New Zealand Maori objects of Hone Heke
Australian and New Zealand Maori welcome the objects of Hone Heke prior to the opening of Outlawed! Photo: Dragi Markovic.

The Museum makes objects from the NHC available for loan to other cultural institutions, and brings in objects from around Australia and overseas for its own exhibitions.

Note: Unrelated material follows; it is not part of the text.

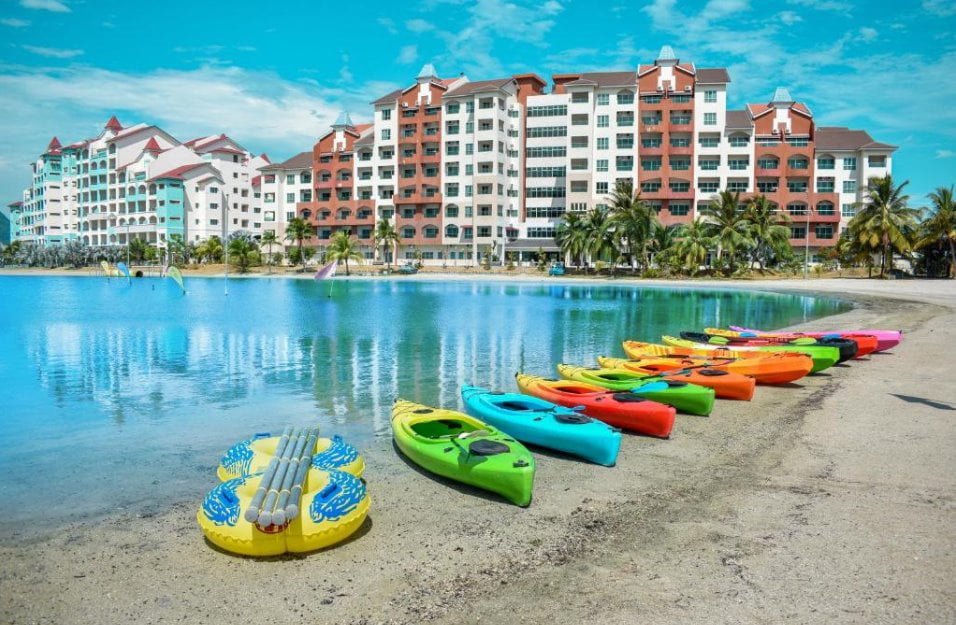 [BEST] 11 Tempat Menarik di Perak untuk Honeymoon 2023 Marina Island Pangkor Resort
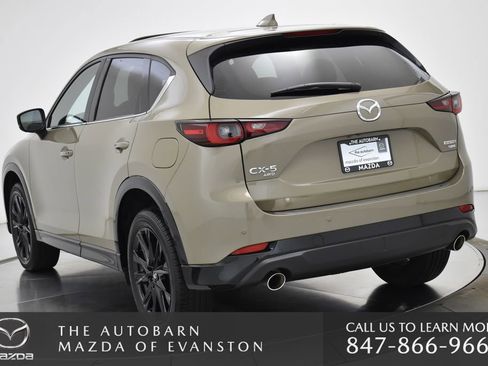 Certified 2025 MAZDA CX-5 Carbon Edition image 15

Loans from the collection this year included:

  • two acrylic paintings by Clifford Possum Tjapaltjarri for display in the Clifford Possum Tjapaltjarri Retrospective to be held at the Art Gallery of South Australia, the National Gallery of Victoria, the Art Gallery of New South Wales and the Queensland Art Gallery
  • 18 Aboriginal bush toys for display in the exhibition Rubbish: Recycling in Art at Global Arts Link, Ipswich, Queensland
  • Play School rocket clock and Taj Mahal diorama for display in the exhibition The Way We Were at the Australian Broadcasting Corporation, Ultimo, New South Wales
  • opium kit, smoking pipe, two tobacco tins and a tobacco pouch for display in the exhibition Drugs: A Social History at the Justice and Police Museum, Sydney, New South Wales
  • photographs, clothing, sporting equipment and memorabilia for display in the exhibition Sport: More thanHeroes and Legends at the Powerhouse Museum, Sydney, New South Wales
  • eight embroidery samplers from the Parliament House Embroidery Collection for display in the exhibition Fabrics of Change: Trading Identities at the Flinders University City Gallery, Adelaide, South Australia.

A full list of outward loans is in Appendix 5.

The Museum's permanent galleries and travelling exhibitions displayed 4805 objects of which 825 were loans from 227 lenders, comprising 106 institutions and 121 private individuals. Significant international loans for the Outlawed! exhibition included archaeological weapons from the Museum of London; 108 Shiwan ceramic figures from the Macau Museum of Art; and a rich display of historic weapons including two very early firearms relating to the famous Maori Warrior, Hone Heke.

All objects currently on loan to the Museum are listed in Appendix 4.

Making objects accessible

As well as exhibiting and lending objects from the National Historical Collection, the Museum provides special access to its collection repositories and responds to specific inquiries about objects on request. During the year, visits were arranged for 32 external requestors and responses provided for a further 35 written requests for information. Visitors included national and international researchers, collection donors, the Vintage Sports Car Club, National Aboriginal Islander Day Observance Committee (NAIDOC) week participants, students from the History Teaching Fellowship and cultural heritage management courses, members of the Friends of the Museum, artists, and museum professionals. Inquiries concerned a diverse range of collection items, including musical instruments, wet specimens, Aboriginal art and artefacts, the Melanesian collection, woven and embroidered quilts, firefighting equipment, and large technology objects.

Repatriation of remains and sacred objects

The Museum provides advice and assistance on the repatriation of Indigenous human remains and sacred objects to federal, state and territory cultural heritage institutions, Indigenous communities and representatives, and to the media and general public.

The Museum's Repatriation section strictly controls the management of human remains and secret/sacred objects, to ensure that material is cared for in a culturally sensitive and appropriate manner.

The Museum has not actively sought to acquire human remains or sacred objects. However, as the prescribed authority under the Aboriginal and Torres Strait Islander Heritage Protection Act 1984, the Museum is the repository for remains and objects referred to the Federal Minister under the Act.

The Museum also holds human remains and sacred objects transferred from the Australian Institute of Anatomy collections in 1985. These have been deaccessioned and do not form part of the National Historical Collection.

During 2003-2004, the Museum returned the remains of 132 individuals to Aboriginal communities in the Northern Territory, South Australia, New South Wales, Western Australia and Victoria. In addition, 308 secret/sacred objects were returned to communities of the Pilbara and Kimberley in Western Australia. This was part of a larger transfer of 846 secret/sacred objects and 42 sets of human remains from several Australian museums coordinated and managed by the Museum's Repatriation section.

The Museum also assisted other organisations with the return of human remains from overseas. Programs included assisting the:

  • Aboriginal and Torres Strait Islanders Commission to coordinate the management and repatriation of human remains returned from Edinburgh University in Scotland
  • Foundation for Aboriginal and Torres Strait Islander Research Action, by providing temporary storage for human remains and objects returned from the Horniman Museum, the Manchester Museum, and the Royal College of Surgeons in London
  • Aboriginal and Torres Strait Islander Services, in the storage and repatriation of remains and objects from Michigan in the USA and from Sweden.

The Museum's Repatriation section is supported by funding from the Museum, the Aboriginal and Torres Strait Islander Commission, Aboriginal and Torres Strait Islander Services, and the Return of Indigenous Cultural Property Program - an initiative of the Cultural Ministers Council and administered by the Department of Communication, Information Technology and the Arts.